The benchmark is rebased to 100 to match the portfolio. 

In [None]:
# Extend benchmark to 2019 - once all consolidated use one code for Benchmark

# Create a new benchmark dataframe, rebase to 100 for comparible data to portfolio

benchmark = pd.DataFrame(index=["Benchmark"], data=[100], columns=["2015-01-01"])

# Append benchmark data from all_etf_df and combine into a single columns

benchmark = benchmark.append(all_etf_df["iShares MSCI World"])
benchmark = benchmark.transpose().sum(axis=1)

# Slice by date 
benchmark = benchmark.loc["2015-01-01":"2019-12-31"]

# Calculate cumulative return and drop na (first value)
benchmark = (1 + benchmark.shift(1)).cumprod().dropna()


In [None]:
# Create plot dataframe by combining benchmark and portfolio return dfs

plot_df_2019 = pd.concat([portfolio_return_2015, portfolio_return_2016, portfolio_return_2017, portfolio_return_2018, portfolio_return_2019], axis=0)

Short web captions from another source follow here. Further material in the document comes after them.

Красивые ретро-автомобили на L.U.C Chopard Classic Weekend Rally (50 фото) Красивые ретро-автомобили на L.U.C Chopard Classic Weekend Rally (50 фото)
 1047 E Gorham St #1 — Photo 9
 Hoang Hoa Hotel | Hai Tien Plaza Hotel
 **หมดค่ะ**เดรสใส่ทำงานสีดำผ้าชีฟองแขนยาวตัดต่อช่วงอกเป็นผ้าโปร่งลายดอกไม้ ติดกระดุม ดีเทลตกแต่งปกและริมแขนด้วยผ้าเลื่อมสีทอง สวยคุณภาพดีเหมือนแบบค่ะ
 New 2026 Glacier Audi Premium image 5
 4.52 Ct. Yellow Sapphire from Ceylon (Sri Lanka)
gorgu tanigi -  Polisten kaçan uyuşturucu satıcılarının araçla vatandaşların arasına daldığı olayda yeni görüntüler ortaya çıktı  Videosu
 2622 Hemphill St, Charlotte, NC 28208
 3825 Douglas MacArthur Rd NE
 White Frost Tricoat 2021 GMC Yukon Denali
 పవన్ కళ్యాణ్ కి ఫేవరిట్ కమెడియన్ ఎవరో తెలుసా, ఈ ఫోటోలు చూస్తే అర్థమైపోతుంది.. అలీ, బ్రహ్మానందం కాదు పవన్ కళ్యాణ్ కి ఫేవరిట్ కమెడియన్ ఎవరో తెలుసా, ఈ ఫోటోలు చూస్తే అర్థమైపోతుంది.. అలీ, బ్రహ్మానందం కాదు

plot_df_2019 = pd.concat([plot_df_2019, benchmark.loc["2015-01-01":"2019-12-31"]], axis=1)

# Rename columns
columns = ["Happy Portfolio","Benchmark"]
plot_df_2019.columns = columns

# Add back in the start value of 100 for the plot
new_row = pd.DataFrame({"Happy Portfolio":100, "Benchmark":100}, index=['2015-01-01'])
plot_df_2019 = pd.concat([plot_df_2019, new_row]).sort_index()

# Review
plot_df_2019.head()

The chart below shows the growth of $100 invested in 2015 and rebalanced each year per the Happiness Score weightings.

In [None]:
# Plot 2015-2019

fig = px.line(
    plot_df_2019,
    title="Growth of $100 invested 2015-2019",
    height=500,
    width=1000,
    labels={
        "value":"Return",
        "index":"Date",
        "variable":"Happy Portfolio"
    }
)

for template in ["plotly_dark"]:
    fig.update_layout(template=template)

fig.show()

## Summary

Over the period 2015-2019 the Happy Portfolio outperformed the benchmark by 45%. 

The average annual returns were 2.7% higher and the standard deviation (risk) was lower. 

The distribution in returns was smaller than the benchmark and the sharpe ratio was higher, illustrating a better return on investment for the level of risk. 

We strongly recommend expanding the research into this new portfolio.